How Docker Manages Its Massive Open Source Project

Editor's Note: This is the final piece of a our three-part interview with Jérôme Petazzoni, Senior Engineer at Docker. Check out Part 1: How Docker Was Born and Part 2: How Docker Fits Into The Current DevOps Landscape

Less than 14 months after launching, Docker has become one of the fastest-growing open source projects in the world. With over 400 contributors pushing code at any given moment, closing over 600 issues per month, and hundreds of pull requests being merged in per week, we wondered how Docker keeps up with it all. The last part of our interview with Jerome dives into Docker's stack, tools and process for managing their massive project.

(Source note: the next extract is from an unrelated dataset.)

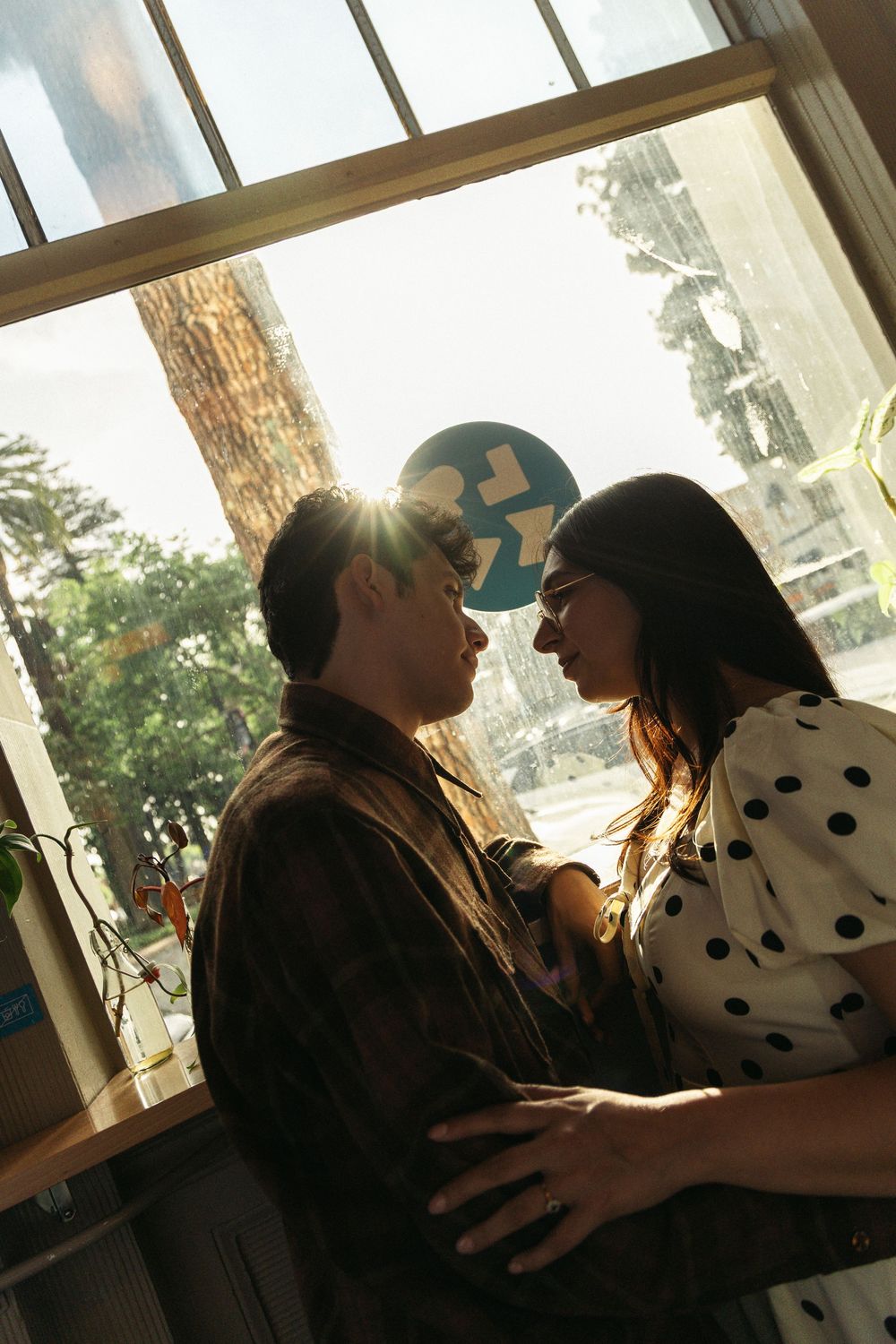 A romantic moment captured against window light with polka dot dress and brown jacket.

Note: Docker announced the Docker Governance Advisory Board shortly after we conducted this interview

Docker Ecosystem



Highlights

"I think one of the biggest challenges that we have been facing in managing the pull requests and the contributions is that the project is so active, and there are so many pull requests going on at any time that even when the maintainers commit more than half of their time to review pull requests, you still get a lot of old pull requests piling up in the depth of the queue....We invested more time in tools to have some visibility on open issues and pull requests. For instance, we want to be able to easily detect those pull requests that can't be merged because they need to be rebased first, due to some other change in the code base."

"Another thing to help with the volume of contributions was to improve the build and test process. In Docker 0.6, we added the ability to run Docker within Docker. This allows funny inception memes, but more importantly, it brings the ability to build, then test Docker, in a predictable manner, using the Docker way."

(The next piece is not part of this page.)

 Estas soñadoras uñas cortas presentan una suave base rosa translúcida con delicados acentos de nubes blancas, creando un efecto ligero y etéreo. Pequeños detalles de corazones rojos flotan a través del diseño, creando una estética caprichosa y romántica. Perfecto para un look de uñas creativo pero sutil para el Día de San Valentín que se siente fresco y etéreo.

"There is a lot of discussion internally about the perfect Docker hacking environment. Some of us are considering moving away from a normal distro and going to something that boots Docker. Then everything would be in a container. Your graphic environment would be in a container. Your editor would be in a container. Everything would be in a container."



Docker's Stack

Go GitHub Gordon Docker boot2docker PagerDuty Pingdom dotCloud


<!--more-->

LS: I want to get a little bit into how you guys actually build and ship Docker itself. Can you talk a little bit about your process, just going through build, test, and deploy. Some of the things you guys use internally.

J: Initially, it was just Go code. Using the normal Go workflow, "go build" -

LS: By the way, was it always in Go? Was dotCloud in Go?

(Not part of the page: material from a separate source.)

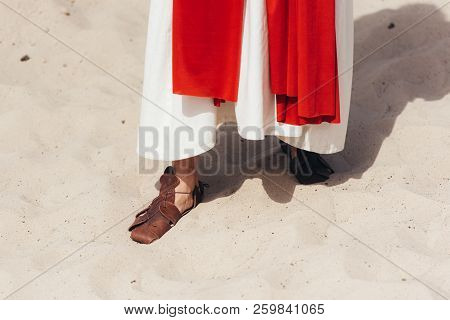 Cropped Image Of Jesus In Robe, Red Sash And Sandals Standing On Sand In Desert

J: The internal container engine used in the dotCloud PaaS was in Python. Picking Go for Docker was a sure way to ensure that we wouldn't reuse the legacy code. But there are other reasons.

LS: The other one was that it's not Ruby and it's not Python right.

J: Yeah. It's something that everybody can love. Also, to ease with the adoption process, Go has this nice feature that you can compile a Go program in a single binary that embeds all the libraries required to run it. So it means that when you want someone to be able to test Docker, they just need to download that binary, run it, and that's it. No extra library, no dependency, no nothing.

LS: Same sort of concept that you guys are trying to address.

J: Exactly. Docker makes deployments easier, but it had to be easy to deploy itself.

LS: What's your development process?

J: We embraced a very typical open source development workflow very early. Everything happens through pull requests. Even the core maintainers themselves never commit to master; they make pull requests as well. The code gets reviewed by other maintainers, and you have to get the majority of the maintainers to approve your changes to be able to merge them.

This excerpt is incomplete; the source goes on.